Some extra observations:
-XY0[1].YC (GSF output) is close to the actual YAW observed during the flight.
-AHR2.Yaw seems to follow XY0[1].YC with a constant offset and could be used for flight.
-The raw compass readings seem to be correct and are indicating the heading observed the during flight.
-IMU 0 and 1 are healthy with vibe < 10, low position innovations also seem to indicate a healthy IMU.
-ATT.Yaw is constant because the copter is trying to maintain this heading, but in reality it is chasing the wrong value.
-xkf1[1].Yaw is the same as ATT.Yaw which leads me to believe it is using the estimated YAW value as the true value used for navigation.
-The yaw estimation improves when the GSF uncertainty improves during the lateral movements when toilet bowling. But once the toilet bowling stops, the error increases again at an almost fixed rate.
-EK3[0] and EK3[2] are similar, but initially deviate in the exact opposite direction.

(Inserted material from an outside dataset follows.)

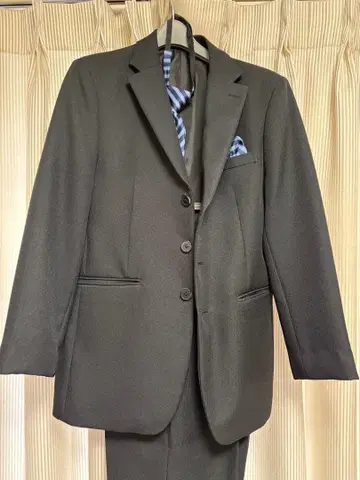 초등학생 졸업 수트 170cm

These are the questions I still have.
-why is the yaw estimation incorrect? This leads to high innovations and eventual rejection of good sensor data.
-could the almost linear gradual increase of the error be due to an integration error?
-why is there such a large difference in between the different EKF cores and AHR2?
-why does this only happen during the third flight?

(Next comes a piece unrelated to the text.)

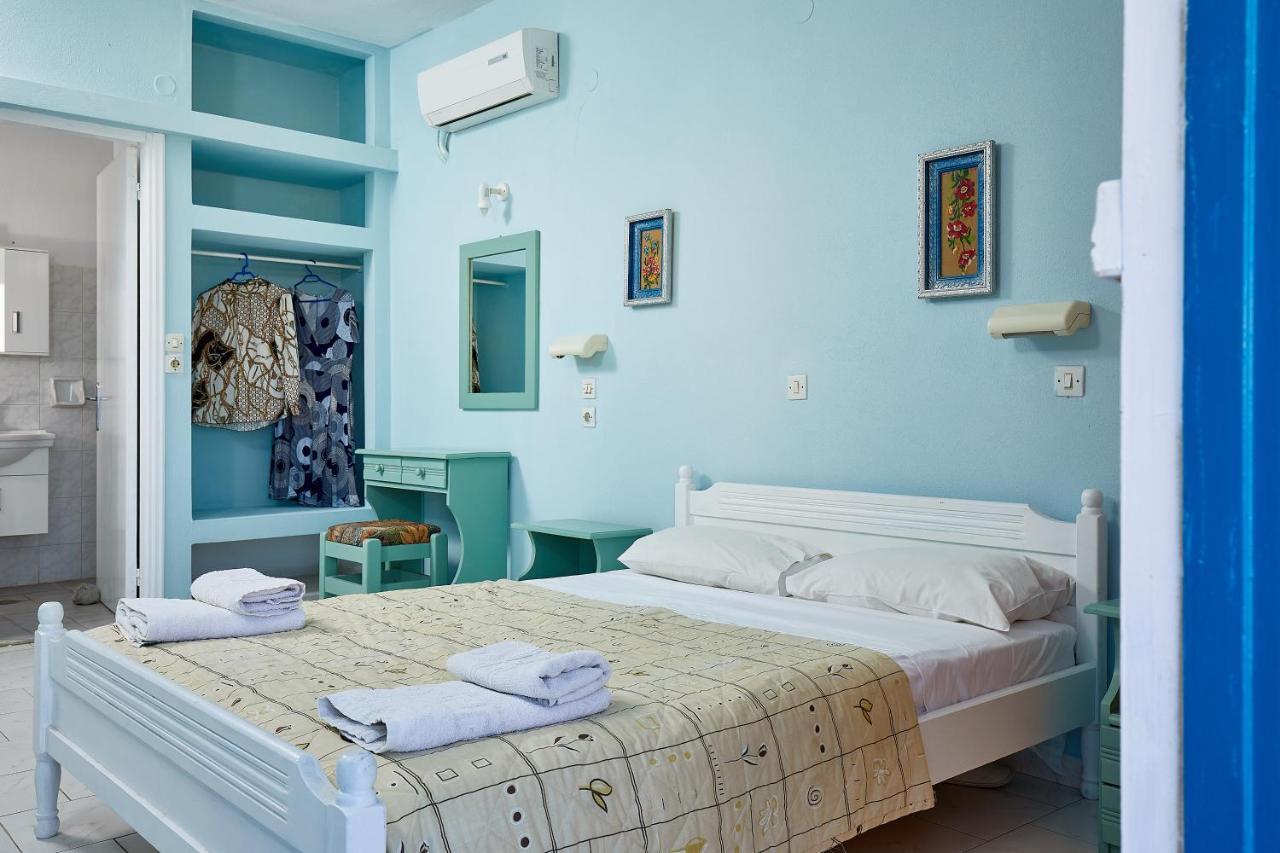Hotel Glaros Diafánion 外观 照片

Since this issue was reproduced on copter 4.4.4, @amilcarlucas can this topic be moved to copter 4.4? I don’t seem to be able to do it myself.
Thank you.

Just to summarize. The drone is toilet bowling and we don’t seem to understand why.
Drone is calibrated correctly, we even added z-throttle magnetometer compensation.

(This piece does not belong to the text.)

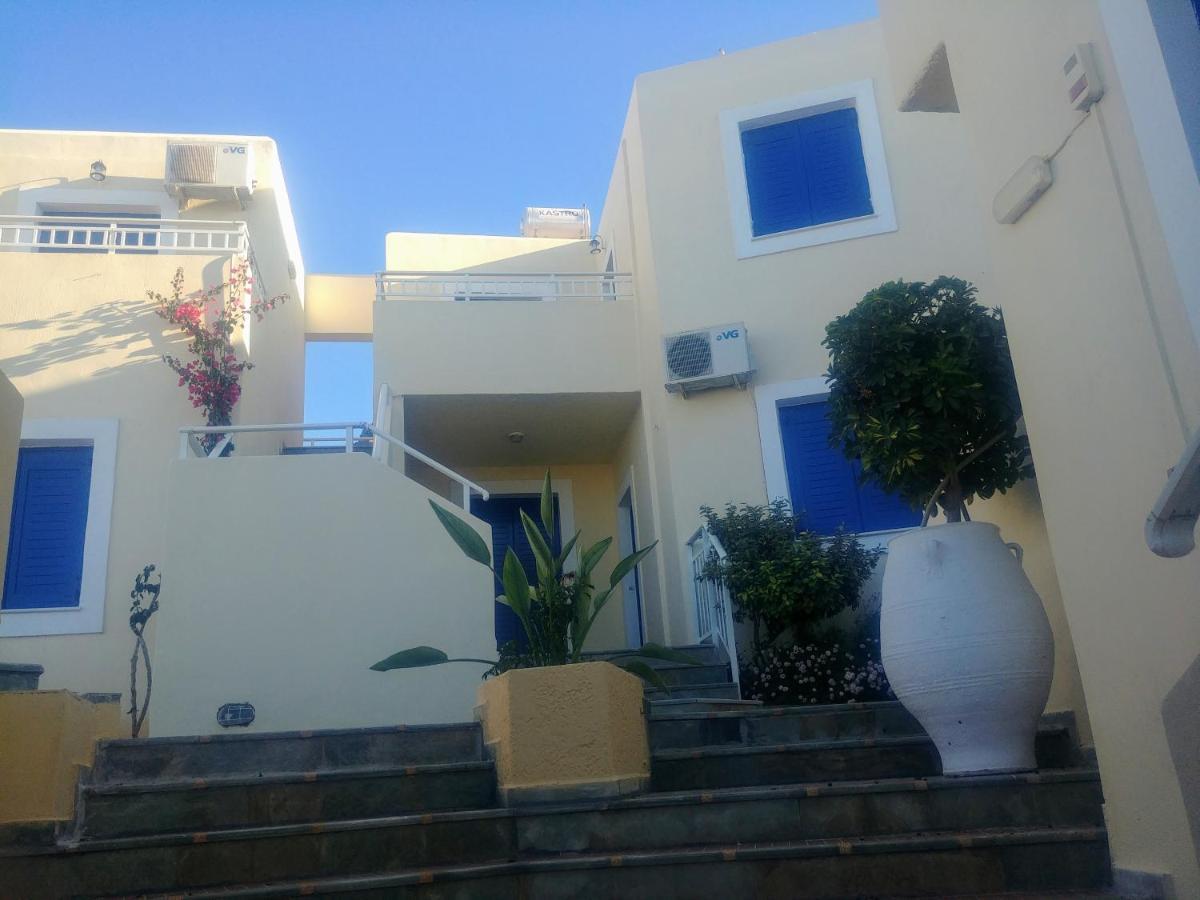 Frida Village 헐소니소스 외부 사진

How sure are you that all has been done correctly and in the correct order?

Do you have checklists? Do you have a method?

Do you know that a recommend method and checklist exists? Automated by a software used by hundreds of users.

We have been using ardupilot since 3.5.8 and a lot of flights and experience (drone shows) under our belt. Ardupilot is really high quality software!
Feel free to give a link to the software. We are always looking to improve our methods!

Normally we can pinpoint issues to something (hardware / configuration / calibration / human error). But here we cannot find how to proceed.

We see toilet bowling, but the yaw values seem to be correct. Only EKF3 thinks it is not?

It is available in english, chinese and portuguese.

1 Like

For enterprise users like you, with hundreds of vehicles, not using the software should be considered a crime. It’s very easy to miss something when not using it.

And see section 9 of the user manual.

We just went through it and my impression is that this is good for a first user or new hardware configuration. Nice work! Though we already have a system in place to store the params (between different ardupilot versions and different hardware) and make sure all drones have the correct parameters at all time.

The tool didn’t mark anything, sadly.

Going deeper the rabbit hole in the log (http://uwsoftware.be/2024-10-31%2011-51-35.bin):

  1. AHRS2: looks to give the yaw we observed during flight

This is the DCM, iiuc, (magnetometor only)

  1. EKY0: looks to give the yaw we observed during flight

This is the GSF, iiuc, (everything without magnetometer)

So all sensors agree on the direction the compass is going. Except XKF1 (EKF3) thinks on all cores that we are rotating the other way around ?!?

Interestingly after using “Replay” on a log with LOG_REPLAY=2 and LOG_DISARMED=1 the XKF1.yaw is correct when I use EK3_MAG_CAL=2 .
Not sure which conclusions that gives …

(The first flight of this log Dropbox )

I’ve been playing with the parameters and replay. But very confused by EK3_MAG_M_NSE and EK3_YAW_M_NSE. What is the difference?

The values seems better with:

EK3_YAW_M_NSE: 0.1 (instead of default 0.5)

Am I correct that this is only used when not fusing IMU / GPS and compass together. E.g. at yaw reset? This gives a lot extra confidence to compass. Could it be because GPS has no heading yet, since it hasn’t moved in a direction yet? This helps predominantly at start of a flight.

EK3_MAG_M_NSE: 0.12 (instead of default 0.05)

What does this do? This seem to help towards the middle/end of the flight.

  • Before: green, orange, red
  • After: blue, pink, purple
  • Compass: black

NOTE: during the log we have not moved in X,Y. Only hovered. When moving we should trust IMU/GPS more. So these are not ideal values.